In short
- Coinbase says US AML laws are “violated” and wants the Treasury Department to use AI, APIs and zero-knowledge proofs to modernize compliance.
- The exchange proposes safe harbors for AI use and recognition of decentralized IDs to reduce costly, privacy-risky KYC duplication.
- Coin Center warns that traditional AML on stablecoins could create a “CBDC-style panopticon” as the Treasury Department assesses responses to new guidance.
Coinbase has urged the US Treasury Department to scrap decades-old anti-money laundering regulations, calling them outdated, and to adopt AI and zero-knowledge proofs to combat financial crime in digital assets.
The crypto exchange sent a letter to the Treasury Department Friday, in response to the agency’s request for comment on innovative methods to detect illegal activities involving digital assets.
“As the bad guys innovate in financial crime, the good guys need innovation to keep pace,” said Coinbase Chief Legal Officer Paul Grewal tweeted Monday..
Initially treasury the request published in the Federal Register in August.
In one blog post Published in August, Grewal wrote that “the Bank Secrecy Act is broken. Technology can fix it,” and said the current compliance system is “rooted in decades-old requirements that reflect paper-based protocols designed for a financial system” where money transfers take days.
The exchange has now called for the creation of safe harbors under the Bank Secrecy Act for companies that responsibly deploy AI to improve compliance programs, with terms that focus on governance and results rather than enforcing a one-size-fits-all model.
Federico Fabiano, Head of Legal & Compliance at Hex Trust, explains Declutter that “the era of ‘check-the-box’ compliance must evolve,” saying that reliance on existing laws may no longer be sustainable.
“We must collectively drive the integration of transformative tools like AI, which, powered by the immutable transparency of the blockchain, can finally move AML beyond the problem of low-value, static data,” Fabiano said, calling the evolution “an opportunity, not a constraint” that is essential to securing a credible, compliant financial ecosystem.
Coinbase says high compliance costs “create formidable barriers to entry for smaller financial services firms, including fintech startups,” and are often passed on to customers through higher banking fees and denials of financial services, especially for low-income customers.
Identify the problem
Coinbase also urged the Treasury Department to issue guidance that clearly recognizes API-driven compliance technologies, including outlining acceptable use cases, data privacy requirements, and interoperability standards.
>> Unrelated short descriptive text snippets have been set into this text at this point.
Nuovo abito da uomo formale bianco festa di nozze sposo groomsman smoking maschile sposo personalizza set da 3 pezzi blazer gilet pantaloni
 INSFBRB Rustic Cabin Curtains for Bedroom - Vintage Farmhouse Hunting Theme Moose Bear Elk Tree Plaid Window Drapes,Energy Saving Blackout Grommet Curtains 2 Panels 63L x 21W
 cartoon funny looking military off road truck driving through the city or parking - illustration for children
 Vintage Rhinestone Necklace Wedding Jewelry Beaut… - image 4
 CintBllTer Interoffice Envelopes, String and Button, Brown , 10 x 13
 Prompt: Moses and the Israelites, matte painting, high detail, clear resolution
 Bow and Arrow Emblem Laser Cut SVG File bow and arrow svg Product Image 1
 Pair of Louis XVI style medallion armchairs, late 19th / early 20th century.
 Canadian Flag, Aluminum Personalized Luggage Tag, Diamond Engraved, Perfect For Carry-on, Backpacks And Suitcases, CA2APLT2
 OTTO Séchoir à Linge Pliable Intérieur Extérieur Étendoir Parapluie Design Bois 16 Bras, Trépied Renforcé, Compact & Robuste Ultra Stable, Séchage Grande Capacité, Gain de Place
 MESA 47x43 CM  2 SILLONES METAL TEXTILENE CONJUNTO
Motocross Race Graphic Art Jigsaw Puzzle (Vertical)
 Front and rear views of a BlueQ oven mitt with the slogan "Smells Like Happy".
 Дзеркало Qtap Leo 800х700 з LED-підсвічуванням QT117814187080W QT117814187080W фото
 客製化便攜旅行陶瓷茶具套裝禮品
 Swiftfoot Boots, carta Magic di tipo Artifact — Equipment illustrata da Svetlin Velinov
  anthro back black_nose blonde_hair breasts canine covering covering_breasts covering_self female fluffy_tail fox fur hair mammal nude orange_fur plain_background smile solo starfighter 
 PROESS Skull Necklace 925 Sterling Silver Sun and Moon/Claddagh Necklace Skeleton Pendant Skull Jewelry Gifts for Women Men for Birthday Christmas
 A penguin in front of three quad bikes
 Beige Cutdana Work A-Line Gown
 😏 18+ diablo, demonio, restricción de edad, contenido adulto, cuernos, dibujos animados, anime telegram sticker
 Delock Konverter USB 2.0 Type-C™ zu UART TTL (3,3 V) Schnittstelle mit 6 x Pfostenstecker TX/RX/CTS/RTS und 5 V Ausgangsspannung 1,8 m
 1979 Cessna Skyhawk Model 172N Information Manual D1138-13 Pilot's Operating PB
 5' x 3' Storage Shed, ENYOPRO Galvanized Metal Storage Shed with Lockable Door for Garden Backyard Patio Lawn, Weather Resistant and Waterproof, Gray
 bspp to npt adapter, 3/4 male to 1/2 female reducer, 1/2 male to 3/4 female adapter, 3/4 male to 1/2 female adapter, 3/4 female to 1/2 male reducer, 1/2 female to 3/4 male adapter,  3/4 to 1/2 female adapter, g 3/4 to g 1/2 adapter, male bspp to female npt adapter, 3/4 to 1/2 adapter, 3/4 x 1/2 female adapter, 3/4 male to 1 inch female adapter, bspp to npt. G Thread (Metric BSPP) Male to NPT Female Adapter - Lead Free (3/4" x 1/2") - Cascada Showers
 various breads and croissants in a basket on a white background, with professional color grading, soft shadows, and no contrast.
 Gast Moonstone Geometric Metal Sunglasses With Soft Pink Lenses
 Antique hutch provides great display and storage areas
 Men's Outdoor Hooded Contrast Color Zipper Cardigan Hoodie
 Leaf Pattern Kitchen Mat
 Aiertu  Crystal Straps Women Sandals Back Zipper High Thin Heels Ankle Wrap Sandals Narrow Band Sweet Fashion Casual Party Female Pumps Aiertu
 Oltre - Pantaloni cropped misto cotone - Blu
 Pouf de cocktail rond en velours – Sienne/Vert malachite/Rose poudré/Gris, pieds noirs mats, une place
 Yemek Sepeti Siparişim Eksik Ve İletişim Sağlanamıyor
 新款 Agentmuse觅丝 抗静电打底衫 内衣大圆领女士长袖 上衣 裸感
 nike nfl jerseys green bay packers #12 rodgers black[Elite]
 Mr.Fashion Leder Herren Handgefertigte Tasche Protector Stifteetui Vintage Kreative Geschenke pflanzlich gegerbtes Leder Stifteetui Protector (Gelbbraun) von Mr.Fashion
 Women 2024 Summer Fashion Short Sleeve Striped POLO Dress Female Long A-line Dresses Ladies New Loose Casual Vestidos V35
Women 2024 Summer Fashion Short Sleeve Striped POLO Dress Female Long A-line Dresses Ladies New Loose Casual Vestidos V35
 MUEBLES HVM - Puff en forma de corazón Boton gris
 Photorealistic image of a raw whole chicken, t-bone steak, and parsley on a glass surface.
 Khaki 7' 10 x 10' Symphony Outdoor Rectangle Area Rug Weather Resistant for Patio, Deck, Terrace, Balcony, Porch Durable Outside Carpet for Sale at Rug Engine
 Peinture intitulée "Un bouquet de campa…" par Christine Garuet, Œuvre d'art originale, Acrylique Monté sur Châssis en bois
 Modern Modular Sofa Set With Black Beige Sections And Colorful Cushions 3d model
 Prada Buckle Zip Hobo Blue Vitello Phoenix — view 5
“The US must take action on this now,” Grewal tweeted.
The letter says current rules force Americans to perform new KYC checks on every financial account, sharing their data “with dozens of companies” that must keep it for years, creating “honeypots for criminals.”
It calls for updating the Bank Secrecy Act to recognize decentralized IDs and zero-knowledge proofs as valid methods of identity verification.
Coinbase has further requested that the Treasury Department publish guidelines that explicitly recognize Know-Your-Transaction screening blockchain analytics clustering as more effective compliance methods.
Coinbase said financial institutions file more than 25 million reports with FinCEN each year, mostly on legal activity, but that “the vast majority never result in a follow-up,” and despite a 2020 law to modernize the system, “little or no progress has been made.”
Also the privacy advocacy group Coin Center submitted a responsewith executive director Peter Van Valkenburgh warning that stablecoins on public chains with traditional AML requirements could create a “CBDC-style panopticon.”
The Treasury Department will compile the answers into a congressional report for the Senate Committee on Banking, Housing and Urban Affairs and the House Committee on Financial Services, which will then formulate relevant guidance and legislative proposals.